How My Doctor Visits Revealed AI’s True Promise in Healthcare
During my first visit with an ophthalmologist a few years ago, I noticed how distracted I was by the constant clicking of keyboard keys. As I described my symptoms, I watched my doctor’s eyes dart between my face and the computer screen, typing furiously to capture every detail. I couldn’t help but wonder: Was he truly listening to me, or just waiting for the documentation to catch up? Maybe you can relate.
The next visit showed modest improvement. The staff had introduced a recording device which I thought was an interesting approach to capturing my information, though they felt awkward when they repeated everything I said in loud, exaggerated tones to ensure the system captured it accurately. The technology was there, but the human experience felt forced and unnatural.
But during my most recent appointment, something remarkable happened. AI seamlessly captured and summarized our conversation in the background, invisible yet invaluable. For the first time, my doctor maintained genuine eye contact throughout our discussion. I felt heard, understood, and truly cared for in ways that hadn’t been possible when administrative burden dominated our interaction.
This transformation, although fairly simple, illustrates AI’s greatest potential in healthcare—not just operational efficiency, but the restoration of authentic human connection that makes healing possible.
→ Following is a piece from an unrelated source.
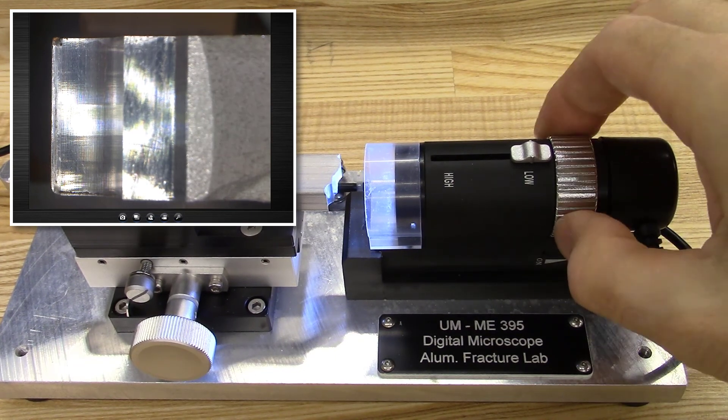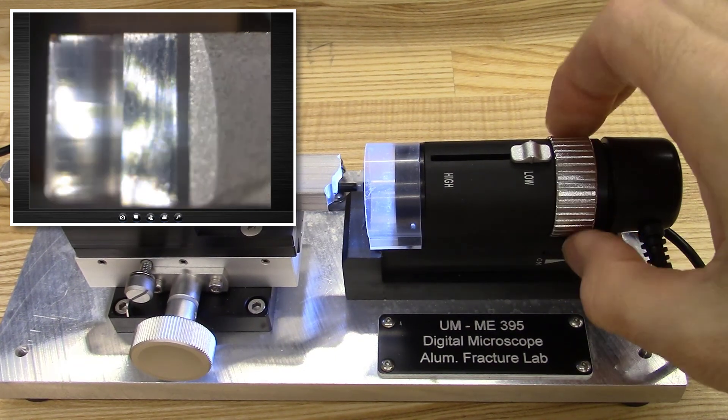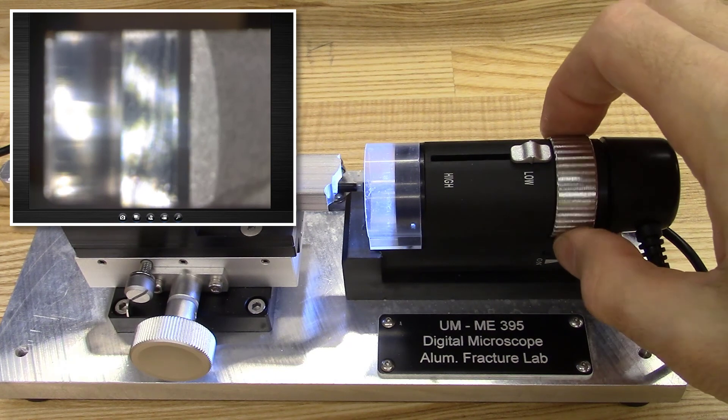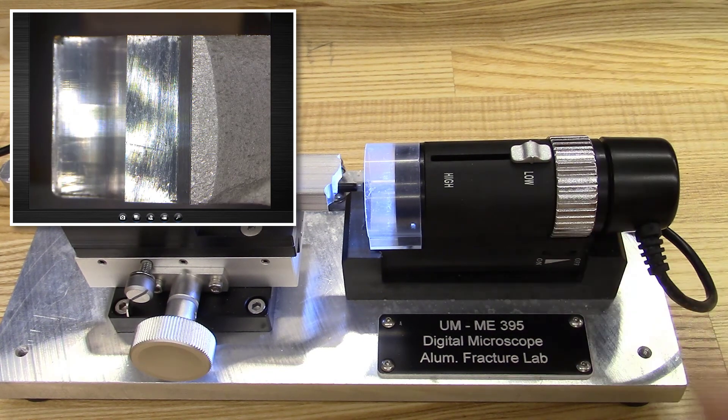After some trial and error, you should have a well-focused view of the entire slot and crack region.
This wasn’t just a technological upgrade; it was a human one.
The Efficiency Trap: A Critical Choice Point
Every healthcare AI implementation creates what I call “the efficiency trap”. It’s the pivotal moment where organizations must decide how to spend their newfound time and resources. Will these technologies create space for meaningful patient relationships, or will efficiency gains simply be funneled into faster throughput and lower costs?
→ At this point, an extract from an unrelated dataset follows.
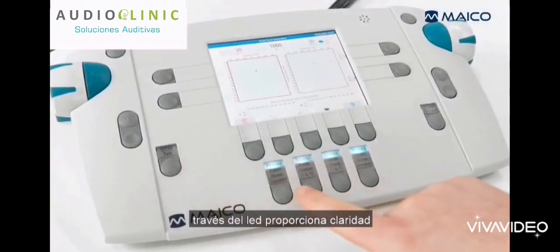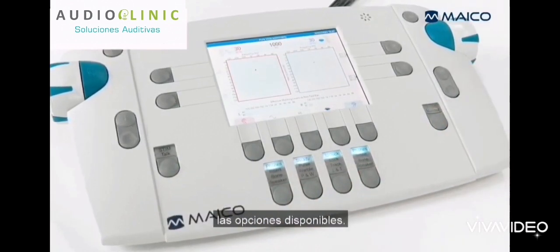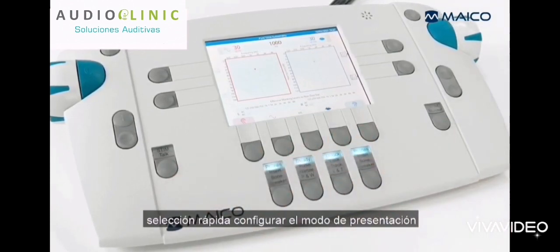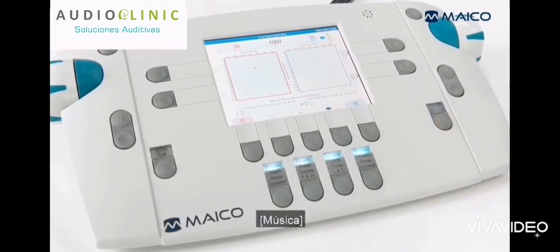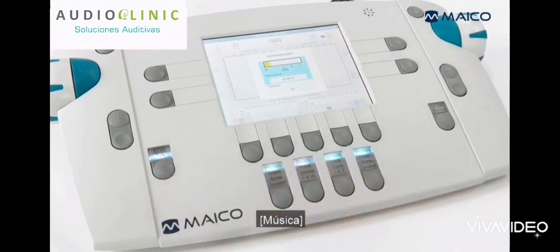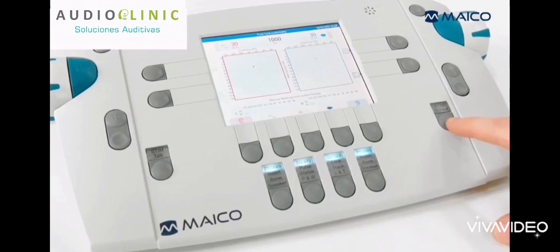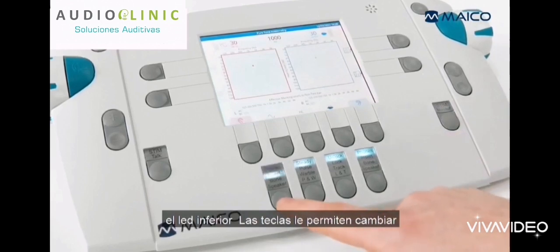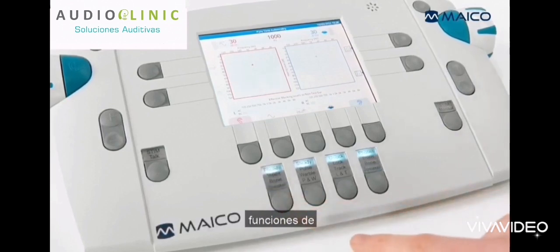For the LED keys, the visible key assignment via LED provides clear identification and gives an overview of the available options. The STIM talk and STIM monitor keys allow a quick selection to set the presentation mode — interrupter or presenter — and give easy access to talk forward, talk back, and monitor functions. The lower LED keys allow you to change the transducer, set the signal type for the tone tests, and use the lock and track functions.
Most healthcare systems default to the latter. Hospitals, for example, pack more appointments into already compressed schedules, treating AI’s time savings as financial savings to be spent on operational metrics rather than recognizing their transformative potential for human connection.
But AI’s greatest value isn’t faster documentation or streamlined workflows, it’s the opportunity to restore the meaningful relationships that administrative burden has steadily eroded. This requires deliberate choice and intentional design from the moment AI tools are conceived.
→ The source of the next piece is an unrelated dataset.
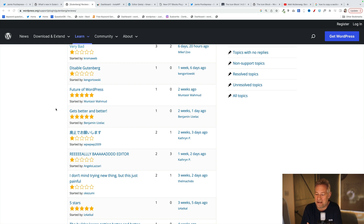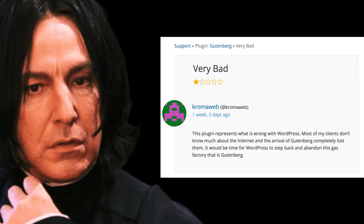As I like to do on this channel, here are the latest Gutenberg reviews — and they're very divisive. It's either one-star or five-star; there's no nuance left on the internet. And by the magic of AI, we get the great Alan Rickman to read the latest review: 'Very bad. This plugin represents what is wrong with WordPress. Most of my clients don't know much about the internet, and the arrival of Gutenberg completely lost them. It would be time for WordPress to step back and abandon this ghost factory that is Gutenberg.' Thank you, Cromerweb, for that review.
Beyond Technology: The Co-Design Imperative
The healthcare industry is littered with challenged AI implementations that follow a predictable pattern: brilliant technology built by people who aren’t yet capturing a full understanding of the healthcare workflows or patient realities. Success demands holistic co-design with end users, both clinicians and patients, from conception through implementation.
This means building advisory boards that include frontline nurses and support staff, not just executives. It means usability studies conducted on a busy Tuesday morning in a real clinic, not in a sterile lab. Above all, AI tools must integrate seamlessly into existing workflows, becoming invisible extensions of current processes rather than additional systems demanding time, additional resources and training.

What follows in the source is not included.